I talked briefly before about disassembly, which is the first step in decompilation.
So, for example, if the output from your disassembler is:
push bp
mov bp,sp
mov word ptr [d_0021],0000h
c_000c:
cmp word ptr [d_0021],+0ah
jge c_0026
mov si,[d_0021]
shl si,1
mov ax,[d_0021]
mov [si+d_0023],ax
inc word ptr [d_0021]
jmp short c_000c
c_0026:
pop bp
ret
what is the corresponding C code?
Well, let's look at this in pieces:
push bp
mov bp,sp
this is standard C entry code for a function:
fn()
{
Notice that no local variables are allocated -- this would shown by
a statement like:
sub sp,+02h
The next standard piece is at the end:
c_0026:
pop bp
ret
this is standard C exit code for a function:
}
In the actual code block, we have a 2-byte integer being set:
mov word ptr [d_0021],0000h
So we know we have a global integer:
int d_0021;
that is set in a C statement:
d_0021 = 0;
note that we don't know what the integer was originally named.

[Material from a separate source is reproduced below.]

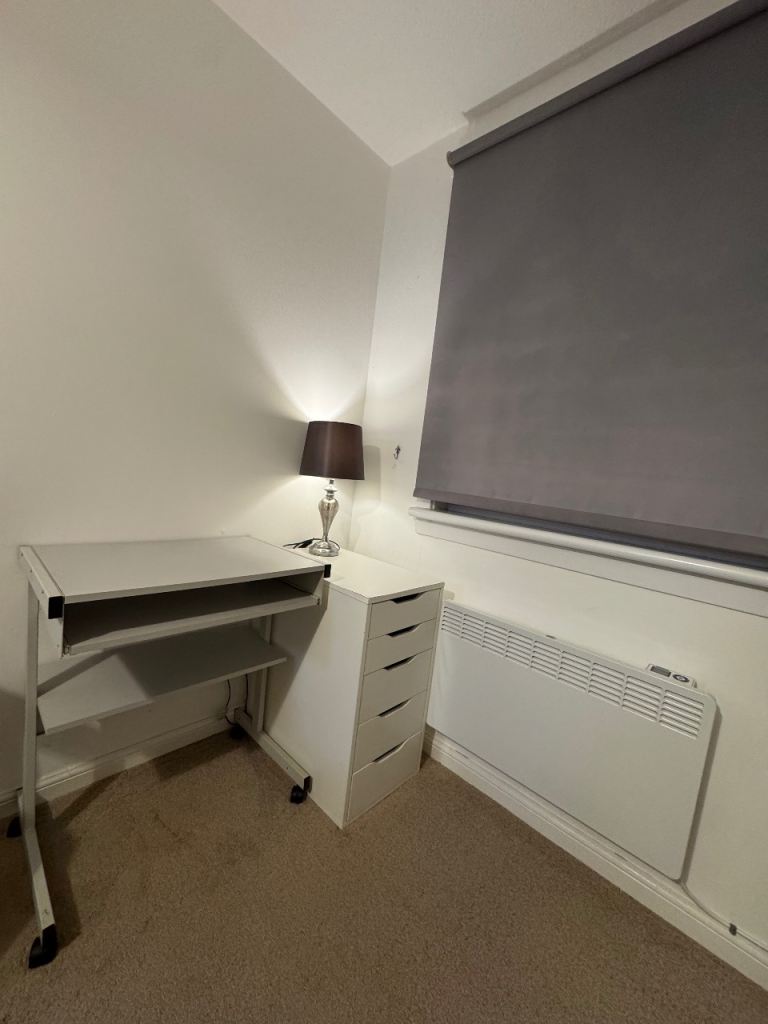 Single bedroom for ladies in a shared 2 bedroom flat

Next we check the variable we just set:
c_000c:
cmp word ptr [d_0021],+0ah
jge c_0026
In C:
if (d_0021 < 10)
We notice that d_0021 is being used as an index (the SI addressing
in the following):
mov si,[d_0021]
shl si,1
mov ax,[d_0021]
mov [si+d_0023],ax
and that this is a 2-byte data reference (the SHL SI,1 is a
multiply by 2). This also tells us that we have a global array
of integers:
int d_0023[some size];
If we think about it, since we know that the index variable is
limited to 0 .. 9 by the previous IF statement, we can guess that
the size is 10. Or, we could just look furthur down in the
disassembly:
d_0021 dw 0000h
d_0023 dw 000ah dup (0000h)
and realize that this is really
int d_0023[10];
Again, we don't know what it was originally named.
The previous block also shows d_0021 being used as a data value
as well as an index and a counter.
d_0023[d_0021] = d_0021;
Next, we have:
inc word ptr [d_0021]
Or, in C:
d_0021++;
And, finally, we have:
jmp short c_000c
which goes back to the
if (d_0021 < 10)
statement. Since GOTO is almost never used in C, this means that
the original translation was wrong, and this really should be
while (d_0021 < 10)
Putting this all together, the decompiled fuction is:
int d_0021;
int d_0023[10];
fn()
{
d_0021 = 0;
while (d_0021 < 10)
{
d_0023[d_0021] = d_0021;
d_0021++;
}
}
Compare this to the original C code:
int i, j[10];
main()
{
for (i = 0; i < 10; i++)
j[i] = i;
}
And you'll note that this is the same ambiguity I mentioned before. Also, while I could have determined that this was really the main() function, not a general function, it would involve a few more steps that I didn't want to get into at this time.